▶ _RECORDED DATA_:

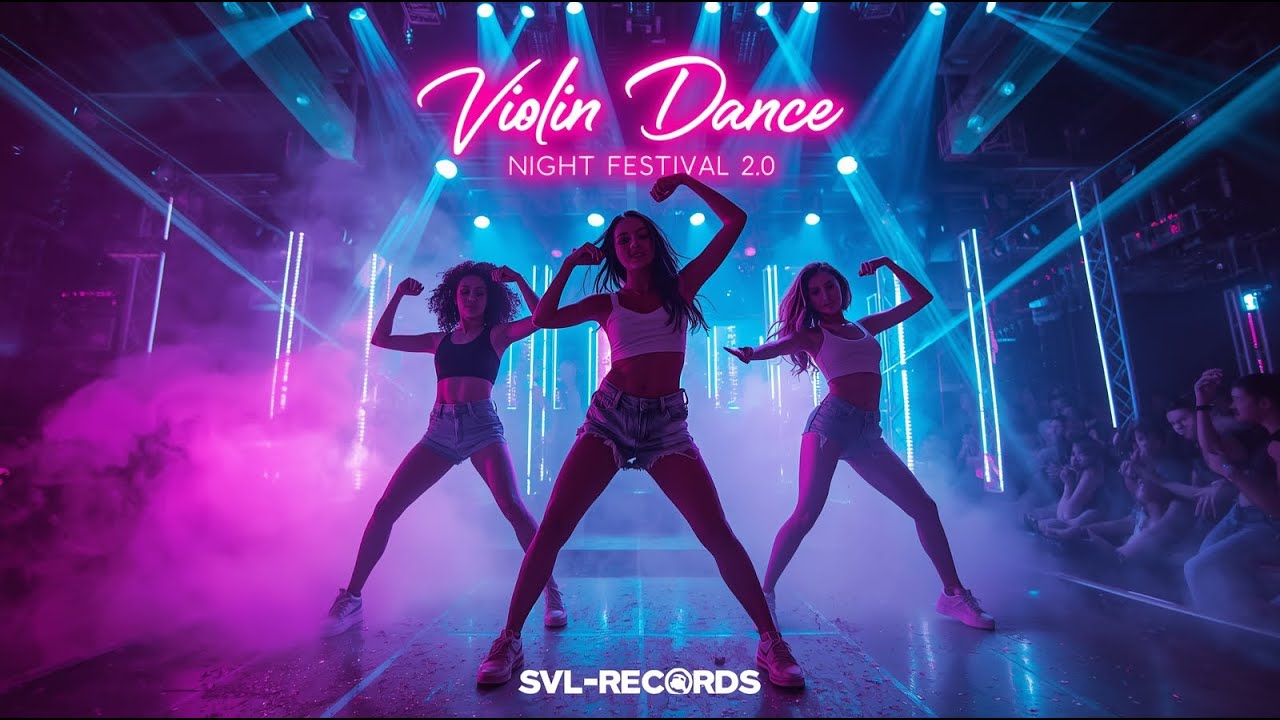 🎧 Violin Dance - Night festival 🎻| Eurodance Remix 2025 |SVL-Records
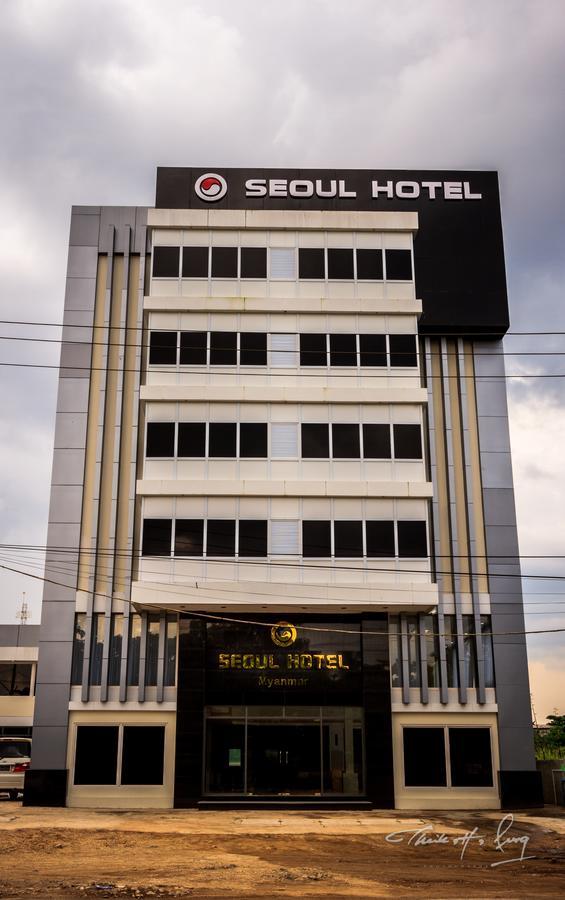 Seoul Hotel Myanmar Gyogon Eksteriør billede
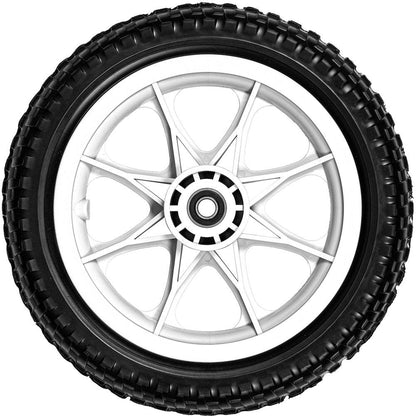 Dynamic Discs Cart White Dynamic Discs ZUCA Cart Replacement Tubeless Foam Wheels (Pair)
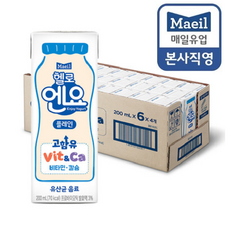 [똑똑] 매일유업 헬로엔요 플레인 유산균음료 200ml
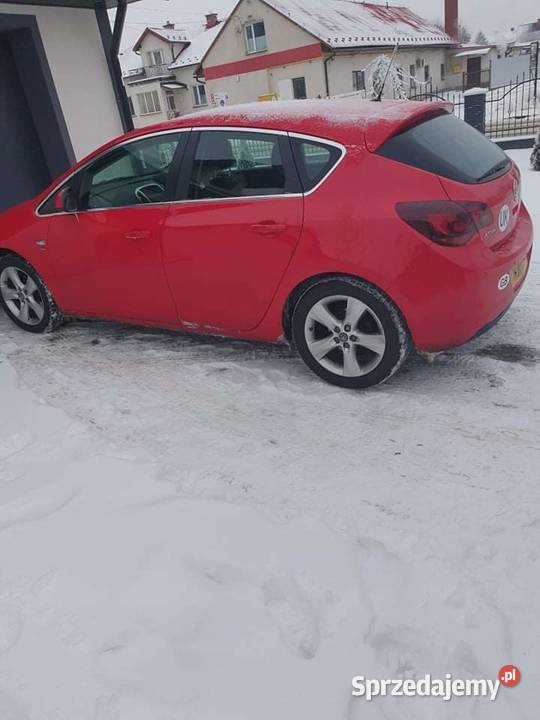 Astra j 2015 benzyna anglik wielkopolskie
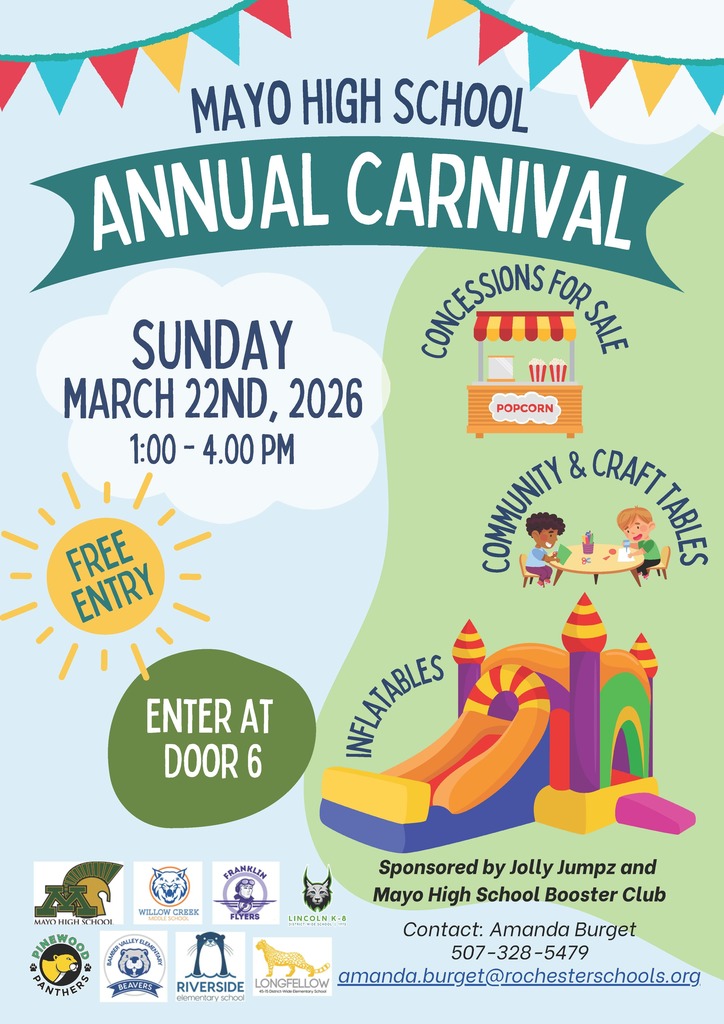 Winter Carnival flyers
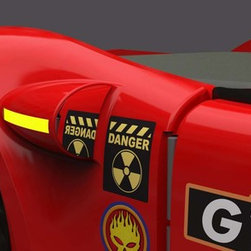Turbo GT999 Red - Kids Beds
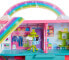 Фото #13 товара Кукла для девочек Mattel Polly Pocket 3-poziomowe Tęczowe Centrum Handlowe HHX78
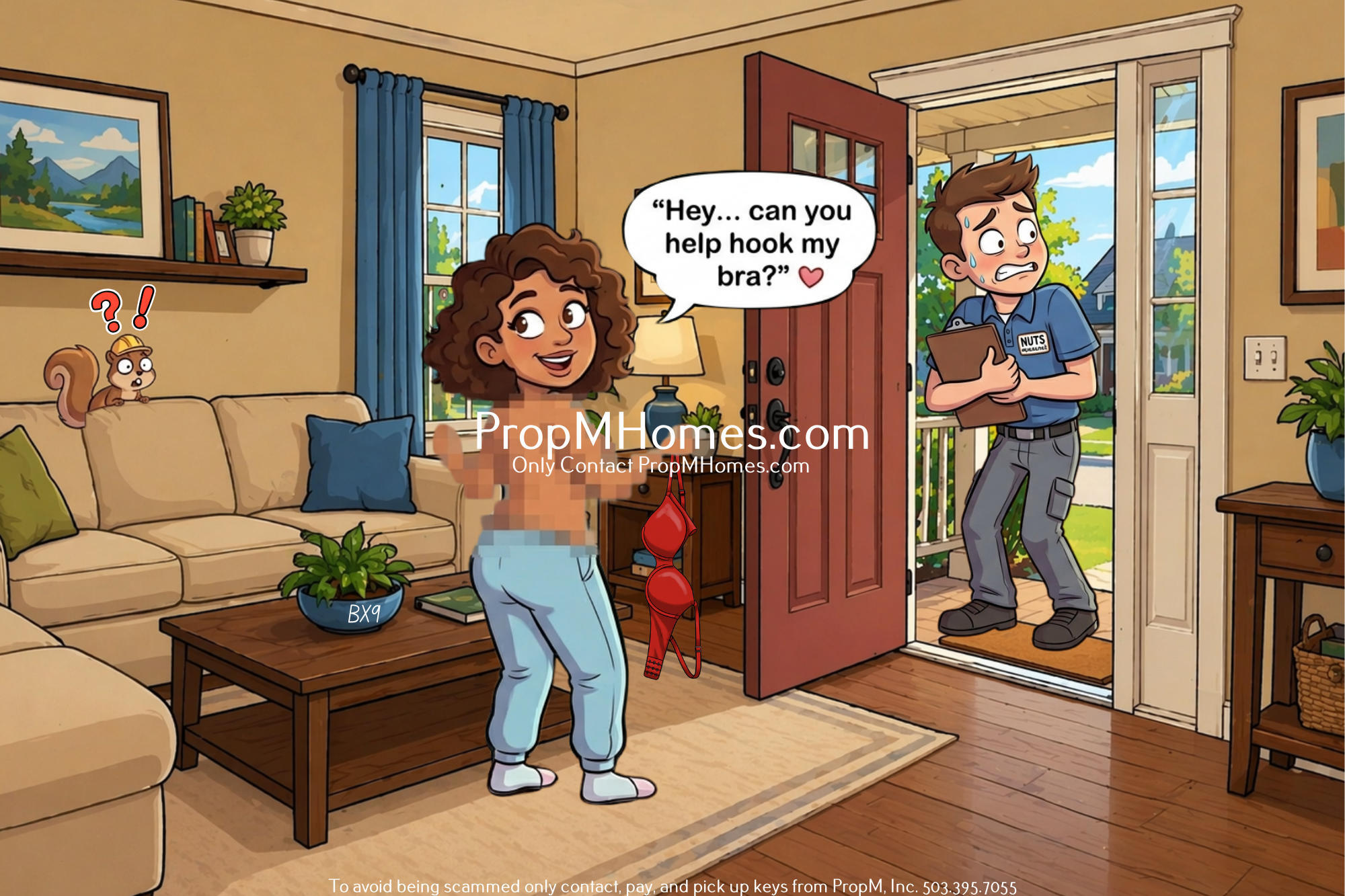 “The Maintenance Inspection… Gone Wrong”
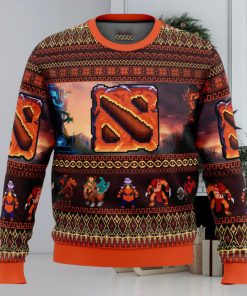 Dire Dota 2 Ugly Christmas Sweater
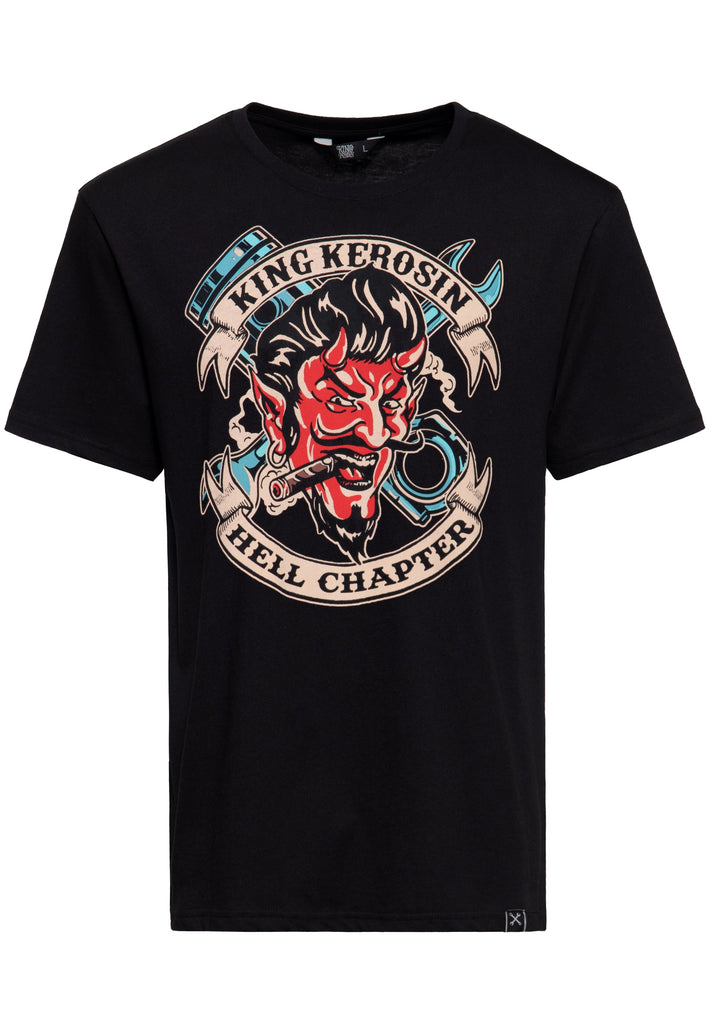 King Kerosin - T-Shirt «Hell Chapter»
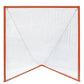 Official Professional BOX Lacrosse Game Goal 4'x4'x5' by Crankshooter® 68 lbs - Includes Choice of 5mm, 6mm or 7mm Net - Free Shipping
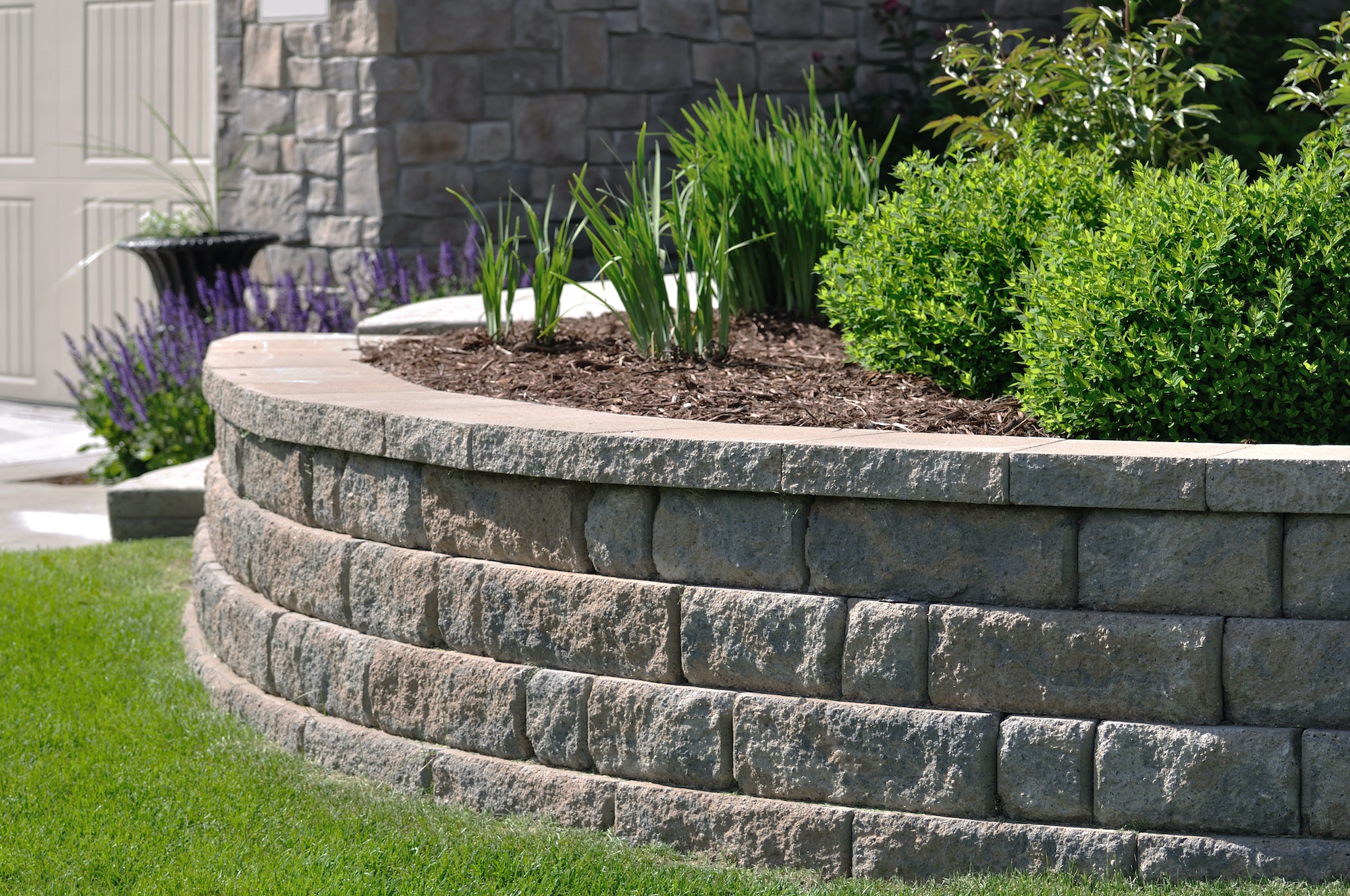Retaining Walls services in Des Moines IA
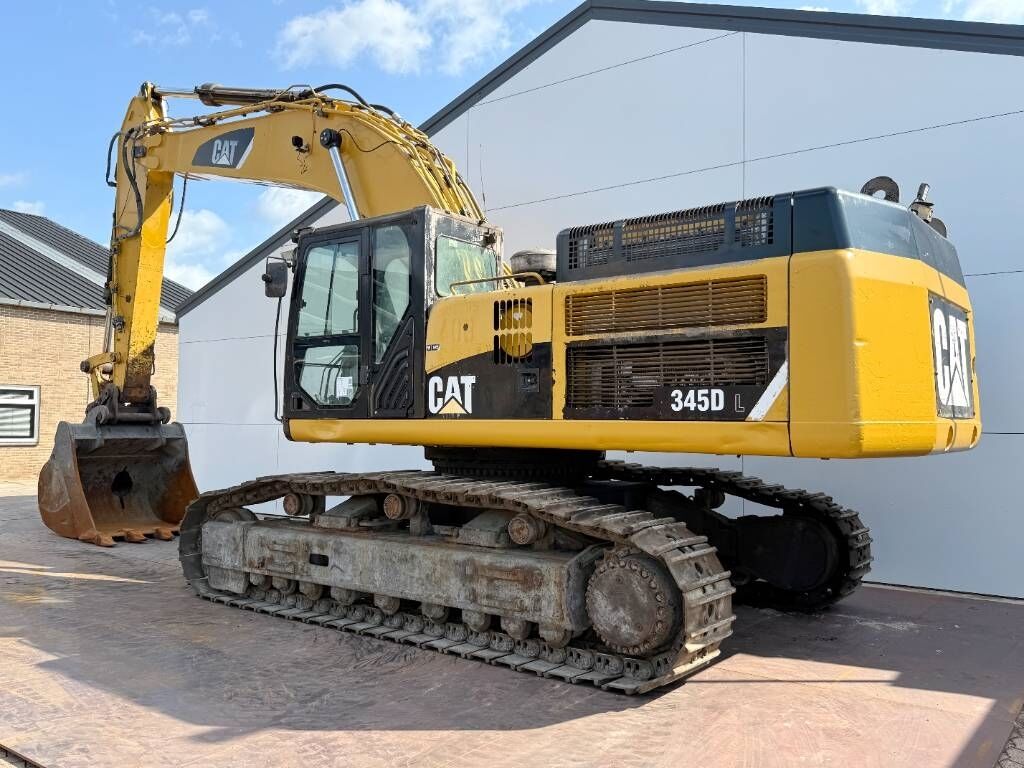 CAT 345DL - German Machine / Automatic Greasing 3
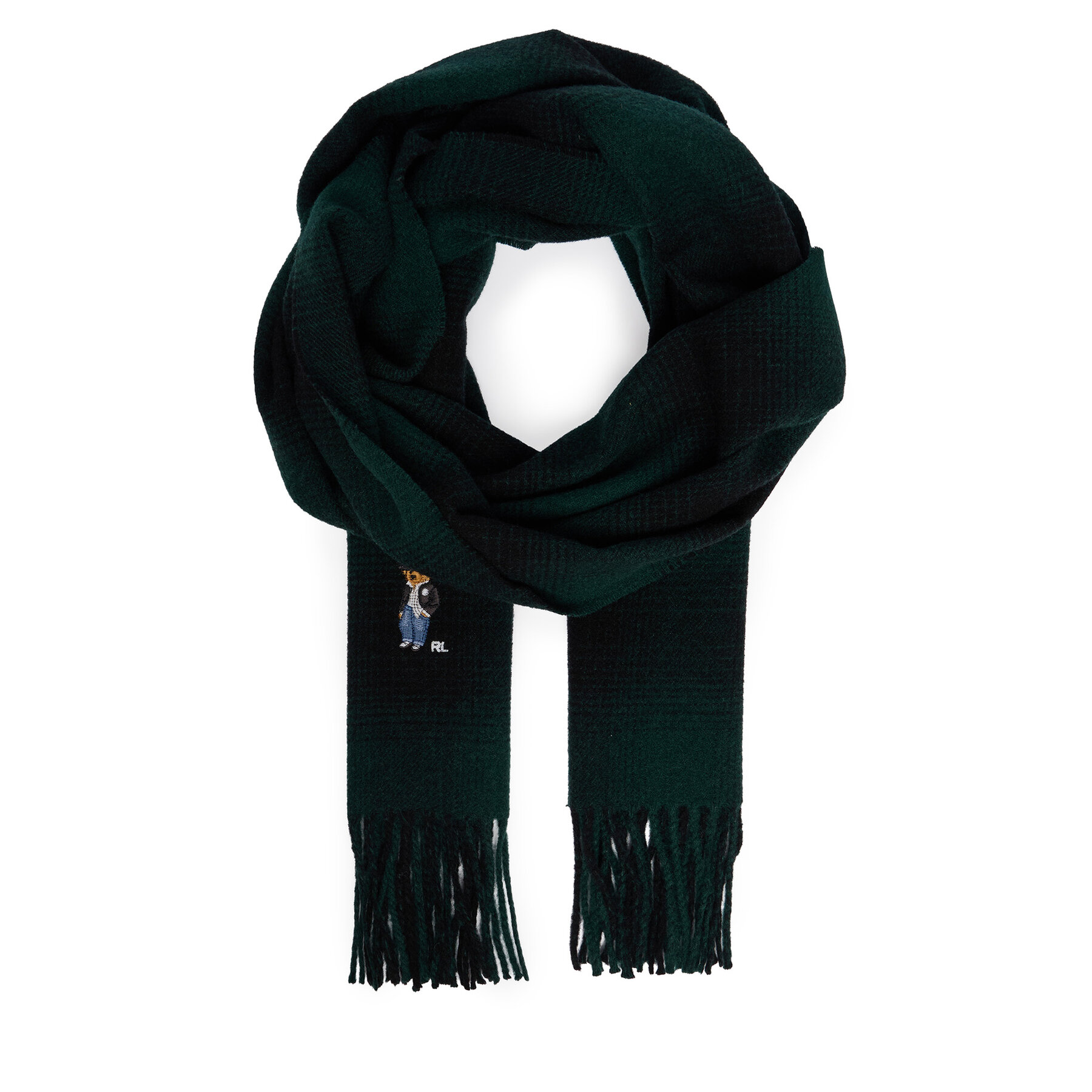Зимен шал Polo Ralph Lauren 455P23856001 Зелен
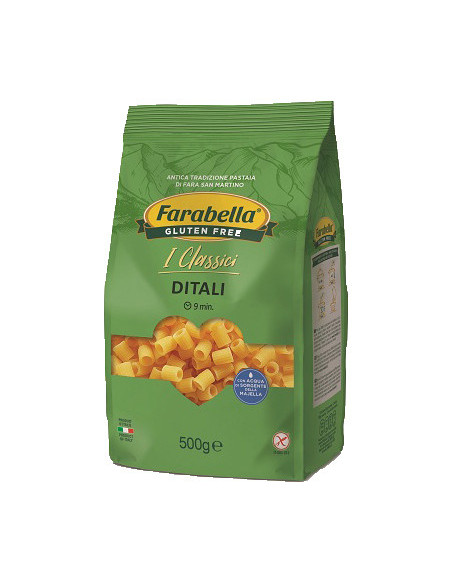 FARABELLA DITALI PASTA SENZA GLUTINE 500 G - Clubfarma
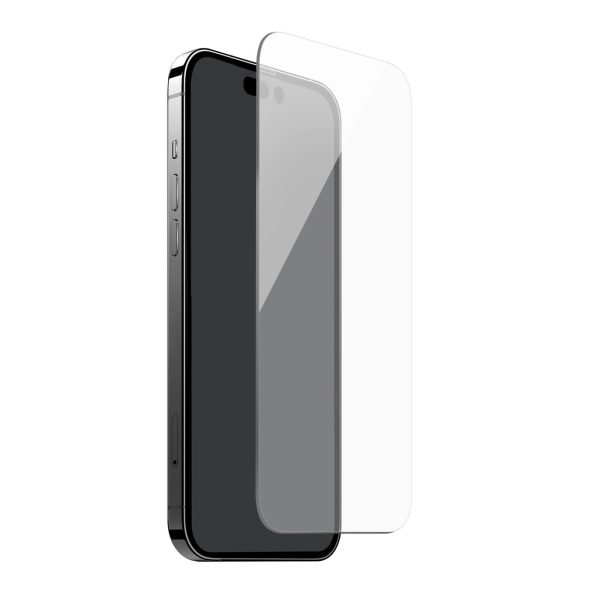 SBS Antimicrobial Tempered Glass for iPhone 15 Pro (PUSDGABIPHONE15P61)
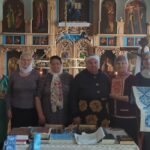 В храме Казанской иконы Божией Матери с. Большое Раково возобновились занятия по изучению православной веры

▶ _ABOUT THIS TASK_: For every entry, return its exact wording and leave out any image.

▶ _SOLVED EXERCISE_:
 🎧 Violin Dance - Night festival 🎻| Eurodance Remix 2025 |SVL-Records
 Seoul Hotel Myanmar Gyogon Eksteriør billede
 Dynamic Discs Cart White Dynamic Discs ZUCA Cart Replacement Tubeless Foam Wheels (Pair)
 [똑똑] 매일유업 헬로엔요 플레인 유산균음료 200ml
 Astra j 2015 benzyna anglik wielkopolskie
 Winter Carnival flyers
Turbo GT999 Red - Kids Beds
 Фото #13 товара Кукла для девочек Mattel Polly Pocket 3-poziomowe Tęczowe Centrum Handlowe HHX78
 “The Maintenance Inspection… Gone Wrong”
 Dire Dota 2 Ugly Christmas Sweater
 King Kerosin - T-Shirt «Hell Chapter»
 Official Professional BOX Lacrosse Game Goal 4'x4'x5' by Crankshooter® 68 lbs - Includes Choice of 5mm, 6mm or 7mm Net - Free Shipping
Retaining Walls services in Des Moines IA
 CAT 345DL - German Machine / Automatic Greasing 3
Зимен шал Polo Ralph Lauren 455P23856001 Зелен
 FARABELLA DITALI PASTA SENZA GLUTINE 500 G - Clubfarma
 SBS Antimicrobial Tempered Glass for iPhone 15 Pro (PUSDGABIPHONE15P61)
 В храме Казанской иконы Божией Матери с. Большое Раково возобновились занятия по изучению православной веры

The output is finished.